Still, this is a fairly tricky problem so it could use other eyes. The basics are fairly simple though: each time a thread want to do something with a SSTableReader, it "acquires" a reference to that sstable and releases it when done. SSTableReader just keep a counter of acquired references. When the sstable has been marked compacted, we start looking until all acquired reference has been released. When that's the case, the file can be removed.
Obviously the main drawback of this approach (compared to the phantomReference one) is that there is room for error. If a consumer forgot to acquire a reference (or do it in a non-thread-safe manner), the sstable can be removed. Thankfully there is not so many place in the code that needs to do this so hopefully I haven't missed any place.
The other thing is that if a reference on a sstable is acquired, it should be released (otherwise the sstable will not be removed until next restart). I've try to ensure this using try-catch block, but it's not really possible with the way streaming works. However, if streaming fails, it's not really worst than before since the files where not cleaned due to the (failed) session staying in the global map of streaming sessions.

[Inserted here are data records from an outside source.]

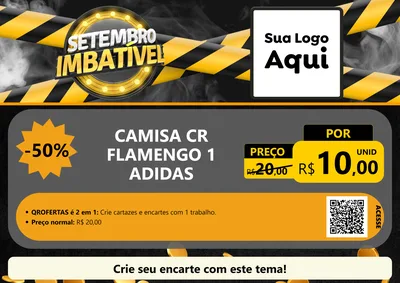 Modelo de Cartaz para Cartaz A4 Horizontal com o tema Setembro Imbatível para Roupas e acessórios
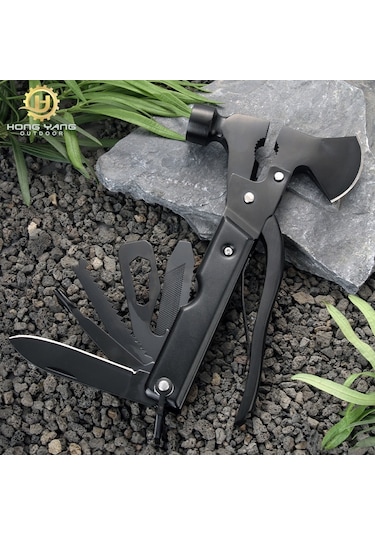 Tcherchi 18 Fonksiyonlu Paslanmaz Çelik Kamp Baltası Ve Çekiç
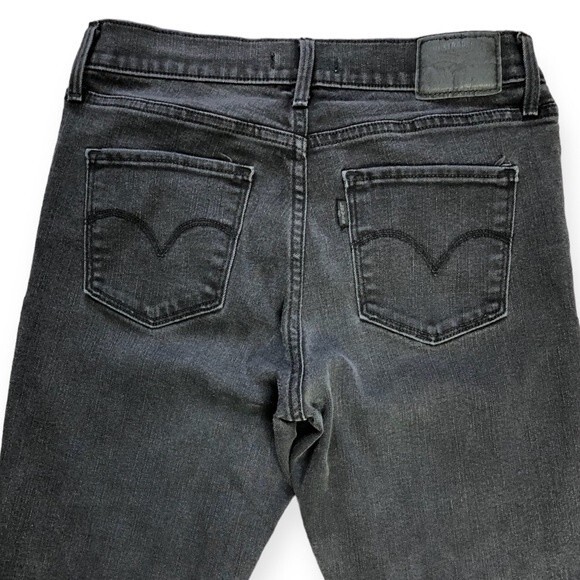 Levi’s 311 Shaping Skinny Soft Black Denim Jeans - Picture 6 of 9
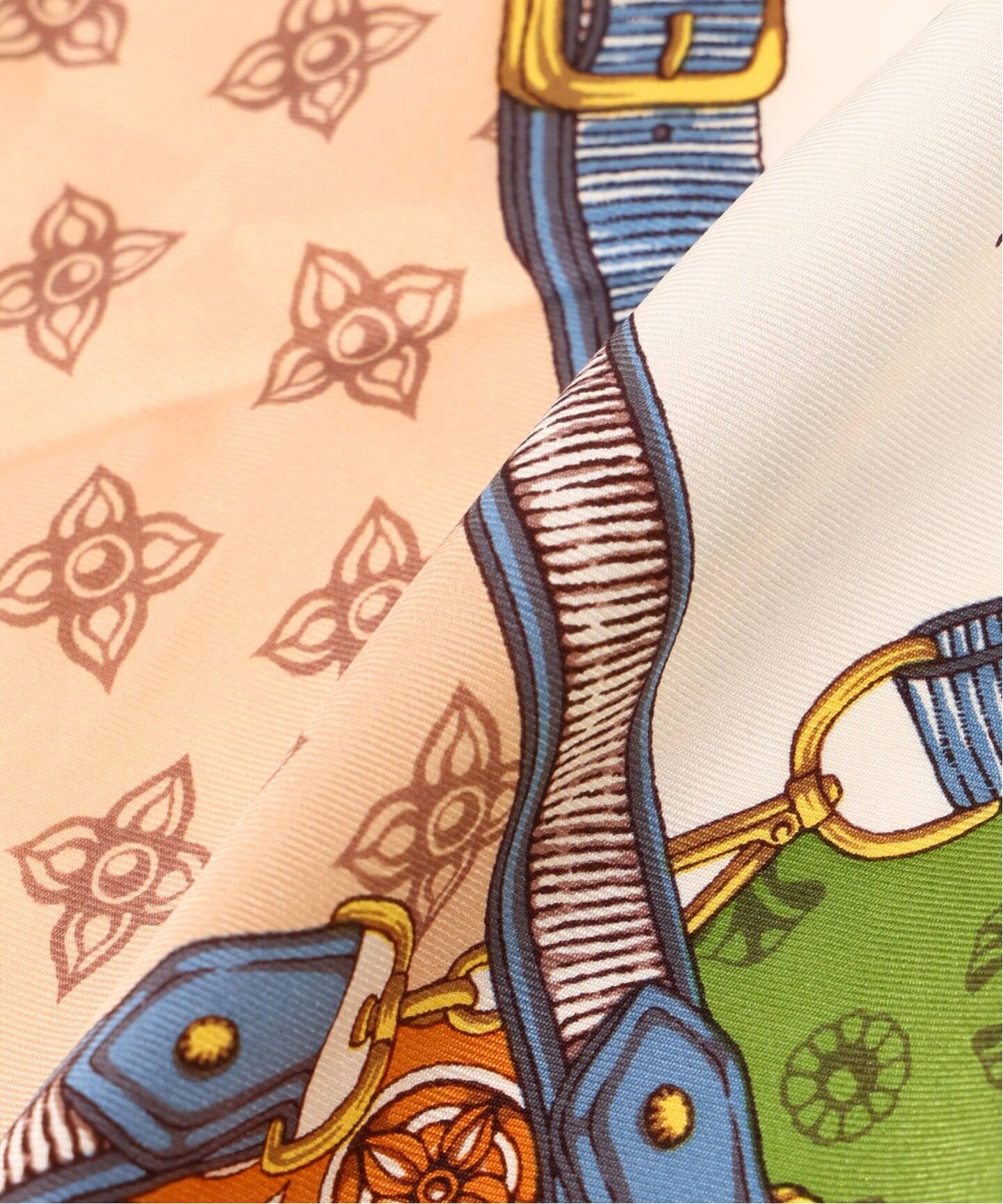 manipuri スカーフハンドバッグ WEB限定追加》manipuri/マニプリ スカーフセットバケツバッグ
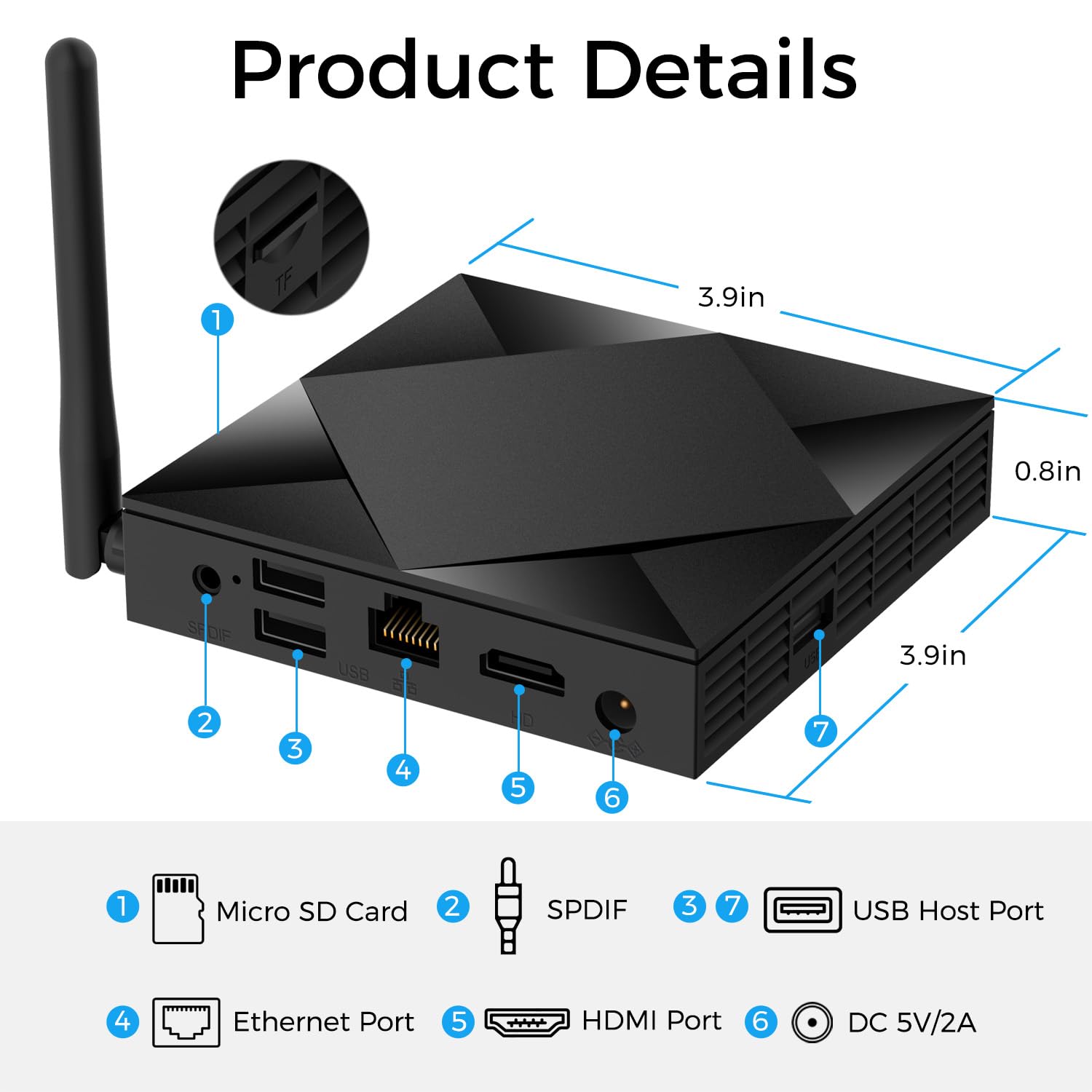 Sungale KWS808 4K Ultra HD Digital Signage Display Box – Remote Cloud Content Management, Affordable Service Plan with Free Trial for Office, Bar, Restaurant, Hotel, and Business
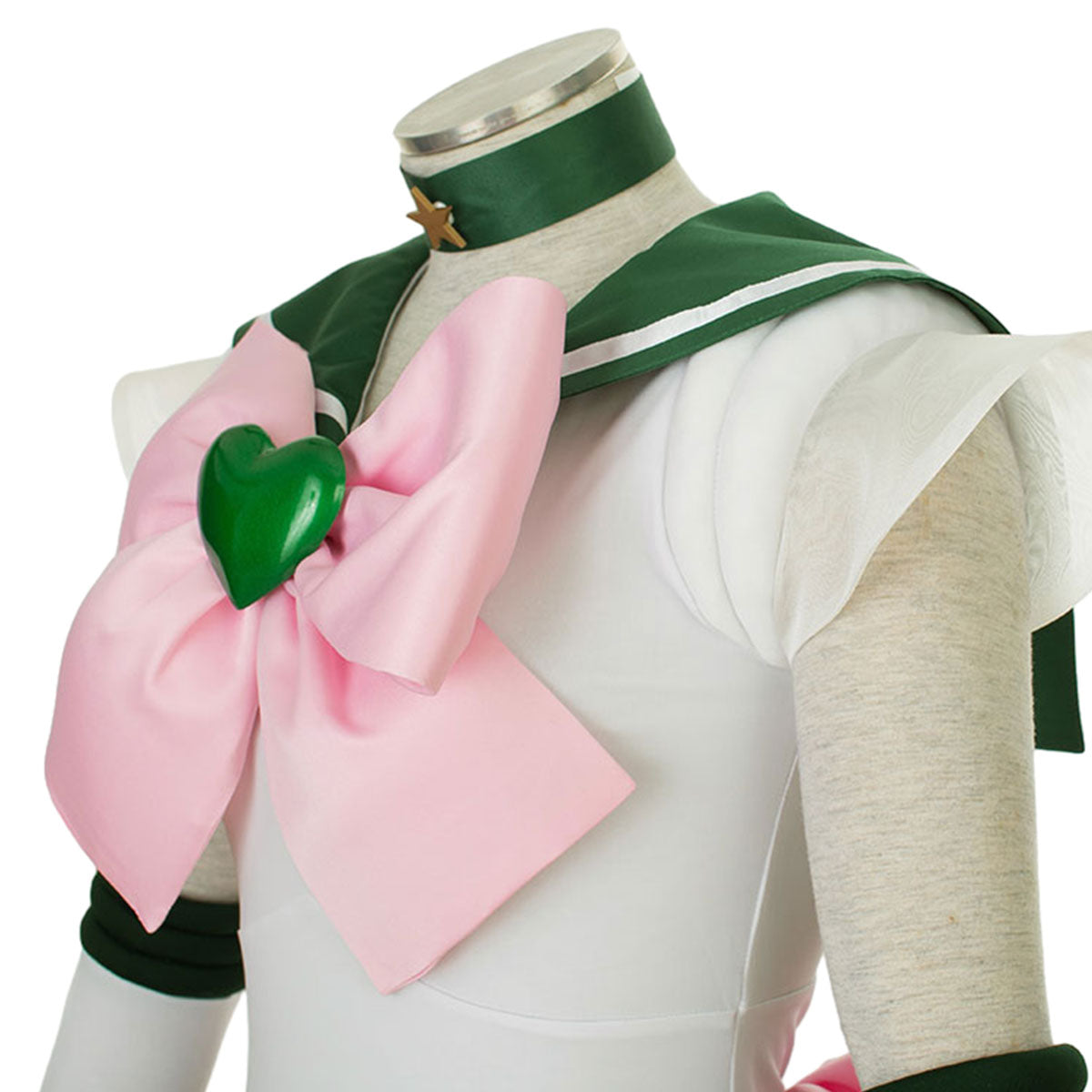 Sailor Moon Super S Sailor Jupiter Kino Makoto Cosplay Costume Kit with Accessories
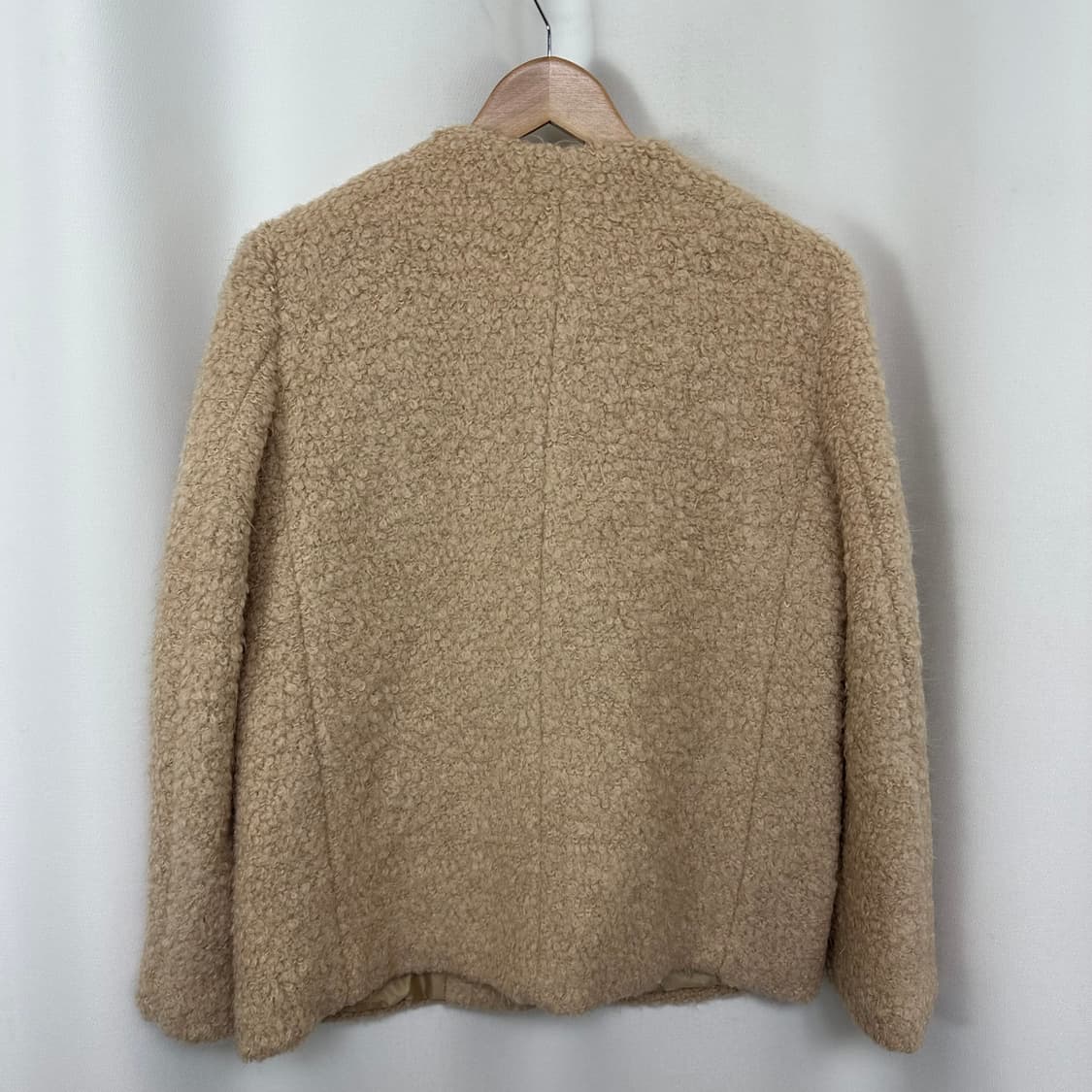 미쏘 여자 울 양모 금장버튼 자켓 S (44-55추천) 상품이미지5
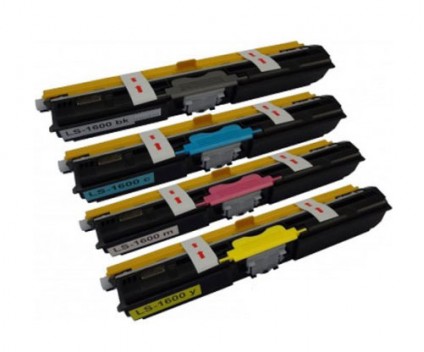 4 Compatible Toners, Epson S05055X Black + Color ~ 2.700 Pages
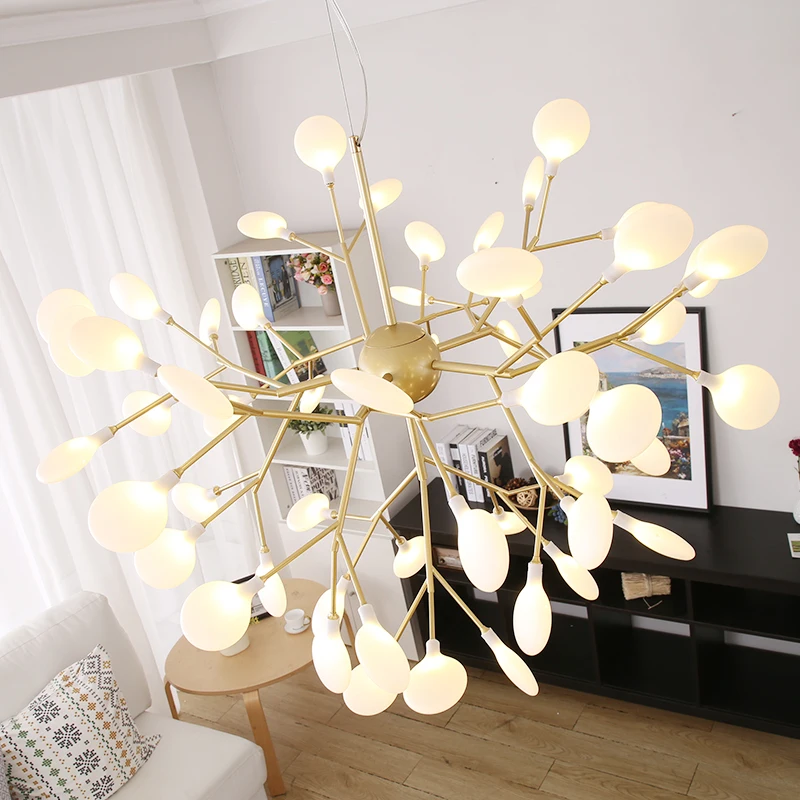 

Home Acrylic Modern Led Chandelier Lights For Living Room Bedroom Square Indoor Ceiling Chandelier Lamp Fixtures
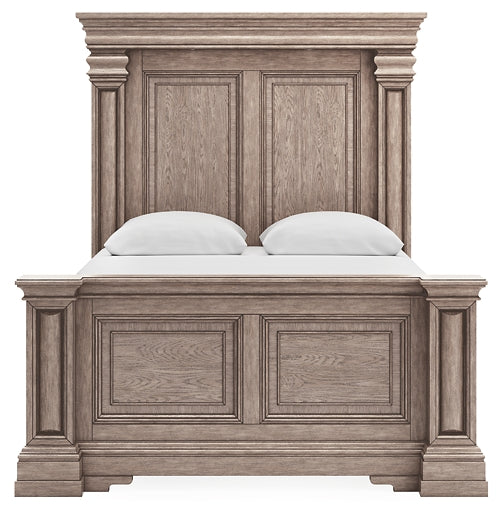 Blairhurst  Panel Bed With Mirrored Dresser, Chest And Nightstand
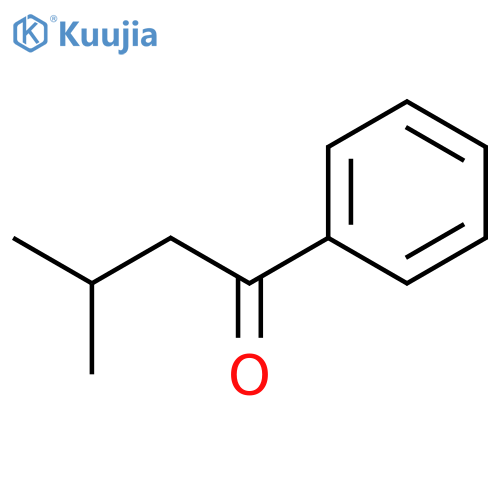 3-Methyl-1-phenylbutan-1-one structure
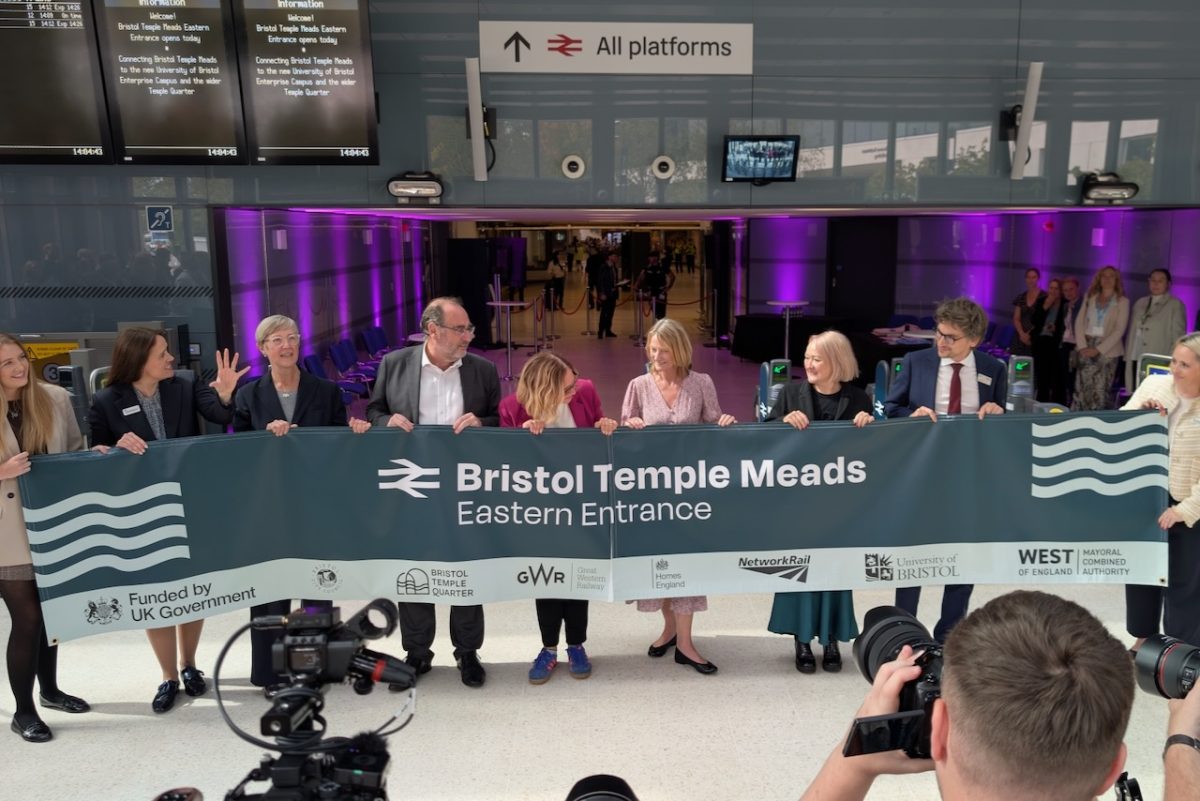 New £23m entrance complete at Temple Meads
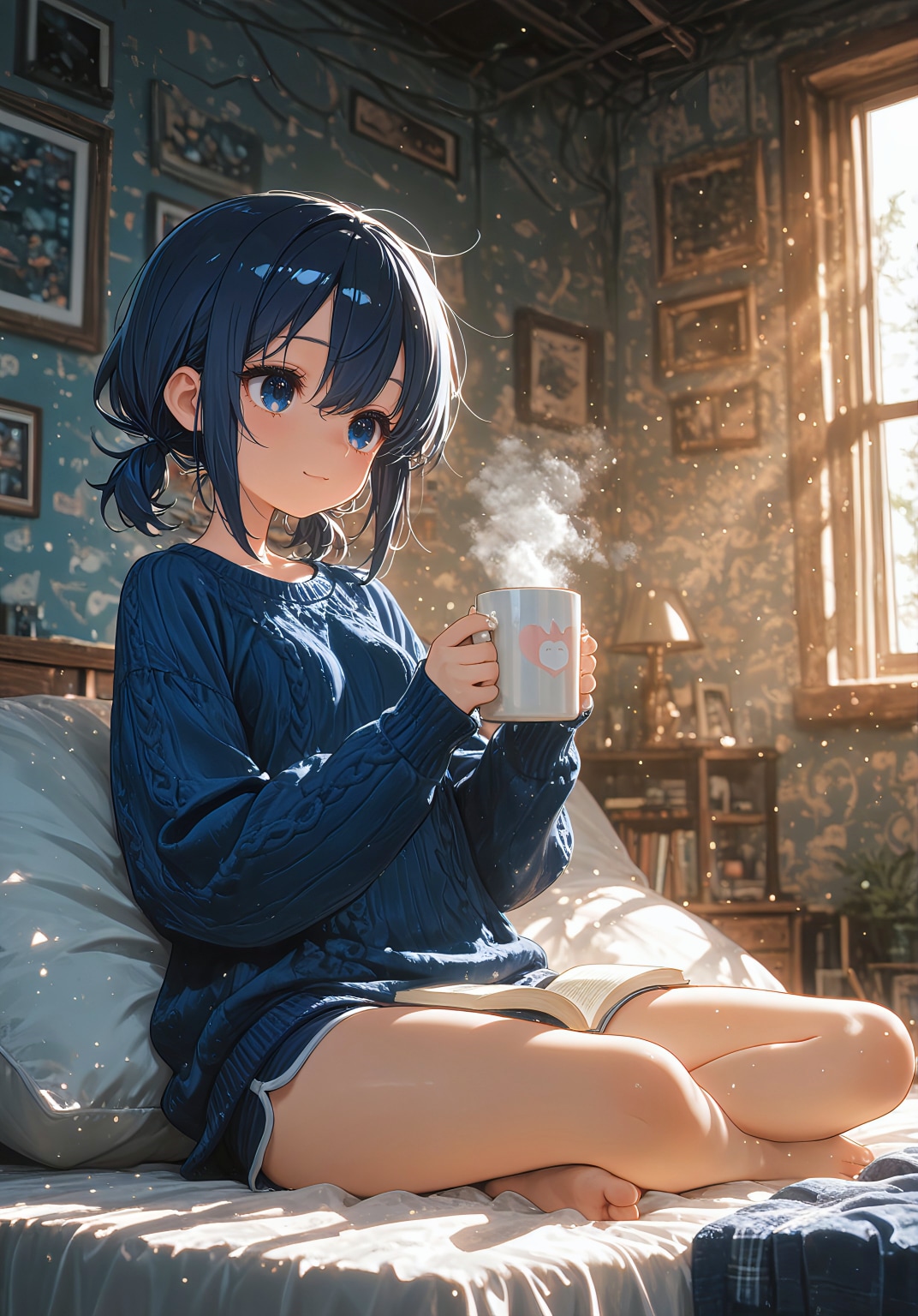 蒼依の癒し時間 ― 静かな午後と、ゲームの夜 ― | の人気AIイラスト・グラビア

CASSANDRA-2433 should fix that in most cases anyway.
Last thing is http://bugs.sun.com/bugdatabase/view_bug.do?bug_id=4715154. In other words, the deletion of a file won't work until the mmapping is finalized (aka, GC, Where art thou), at least on windows. For that reason, when the deletion of file fails (after the usual number of retries, which btw may make less sense now), the deletion task is saved in a global list. If Cassandra is low on disk, it will still trigger a GC, after which it will reschedule all failed files in the hope they can now be deleted. There is also a JMX call to retry this rescheduling.